Monitor for complications
- Infection – seek medical attention early if you notice:
– Fever
– Burning pain on passing urine or urine that is more
smelly than usual (urine infection)
– Cough, bringing up yellow-green sputum, shortness of
breath or chest pain (chest infection) - Blood clots – seek medical advice if you are worried about swelling of one leg compared to the other, and pain in the leg.
Take adequate rest
- You should consider making adjustments to your working and home life to reduce your usual work load, and ensure you get plenty of time to rest – overexerting yourself during pregnancy may cause a crisis.
- You may begin to feel more tired than usual during pregnancy; this could be a sign that your anaemia is worsening. In severe cases of anaemia, a blood transfusion may be required to top up your red blood cells, or alternatively you may require iron supplements.
What should you do if you have an acute crisis?
- If you experience pain, you should begin by taking simple painkillers, such as paracetamol or weak opioids such as
- co-codamol (but NSAIDs such as Ibuprofen should be avoided), and oral fluids.

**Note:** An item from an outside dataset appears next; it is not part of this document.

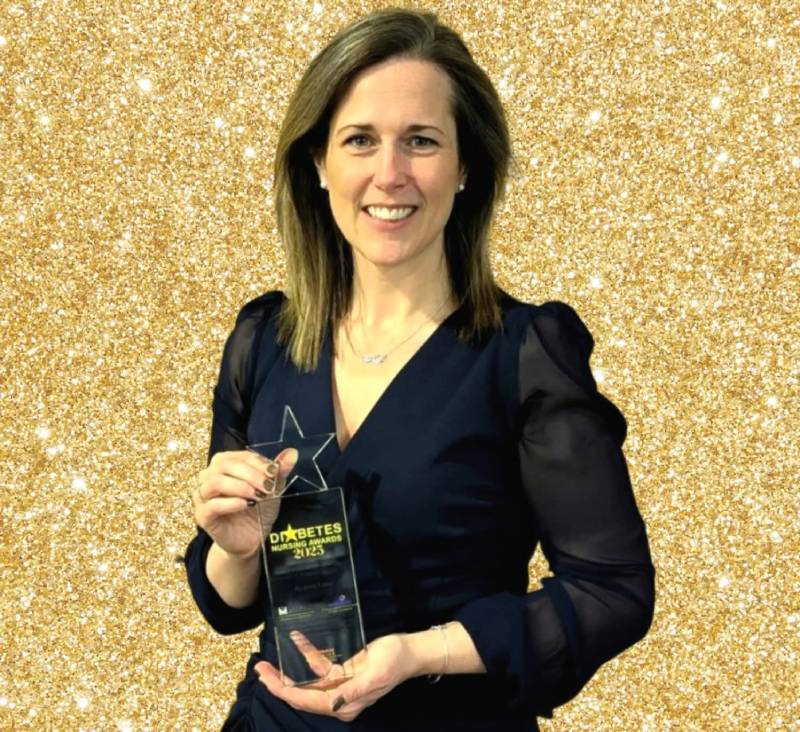 Woman in a black dress smiling holding an award, looking at the camera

- If the pain cannot be controlled at home or if you have a fever, experience pain that is not your usual sickle pain, shortness of breath or chest pain, you must seek urgent medical advice and come to the hospital promptly.
- In hospital, you will be given strong painkillers, oxygen to breathe, and fluids through a drip in your arm if you are dehydrated. You will also be checked for other causes of your symptoms and you may be given antibiotics. You should also be given blood-thinning injections during your stay in hospital to reduce the risk of blood clots. You will be monitored closely – often in a high-dependency area of the hospital. Your baby’s wellbeing will be checked.

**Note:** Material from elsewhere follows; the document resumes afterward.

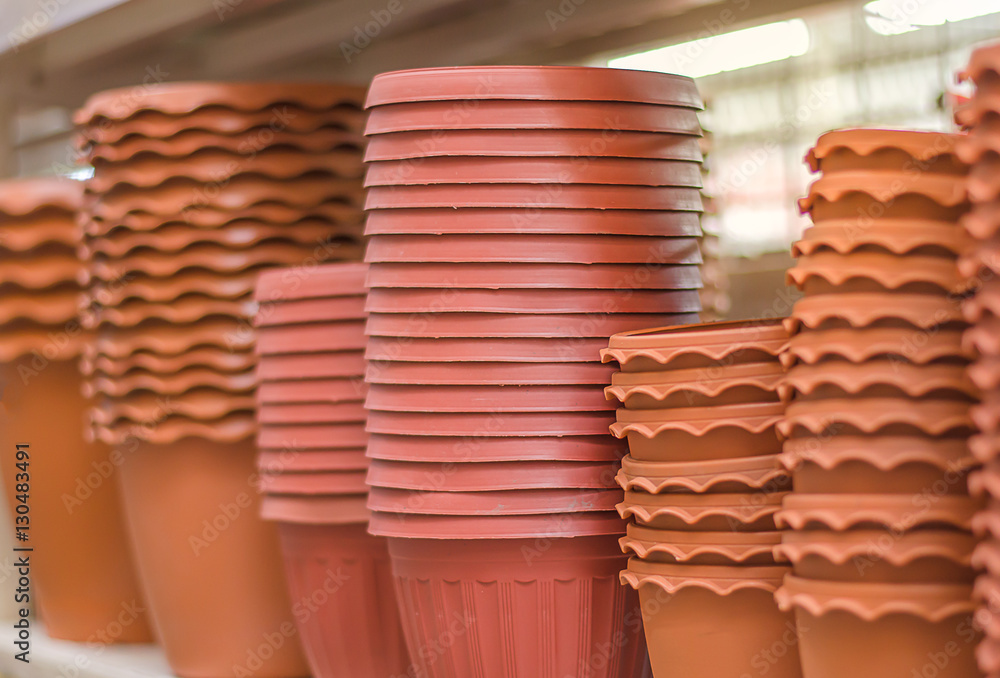 .Plastic pots placed on the floor .Plastic pots placed on the floor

How will my labour and baby’s birth be managed?
You will be seen by the haematologist, obstetrician and midwife at 34-36 weeks to discuss your options for the timing and method of birth of your baby, pain relief during labour and care of your baby after birth. After taking your preferences into account, an individualised labour plan will be drawn up and agreed on by the team and yourself.
If your baby is growing normally it is usually recommended that you are admitted to hospital for induction of labour between 38 and 40 weeks. The baby will be continuously monitored throughout labour ensuring that any signs of fetal distress are detected and acted upon straightaway, to reduce the risk of complications.
What will happen after birth?
How soon you can go home will be determined by how well you are and how your baby was delivered. Normally, after a vaginal delivery, providing you are well and there are no complications, you may be discharged within one to two days. However, if you have had a caesarean section or experienced any complications you may need to stay in hospital longer.
You will need to receive blood-thinning injections after you have given birth to reduce the risk of blood clots. The length of treatment with these injections is for six weeks no matter the nature of your delivery.
Your baby will be routinely tested for sickle cell disease after birth and the results will be discussed with you.
What about contraception?
Progesterone-only pills, Progesterone injections (Depo- Provera), implants (Nexplanon), the coil containing hormones, and barrier methods (condoms and caps) are safe and effective.
The combined estrogen/progesterone oral contraceptive (‘the pill’) and copper coil can be used, but only if the above methods are unsuitable for you. You can talk to your GP or family planning specialist.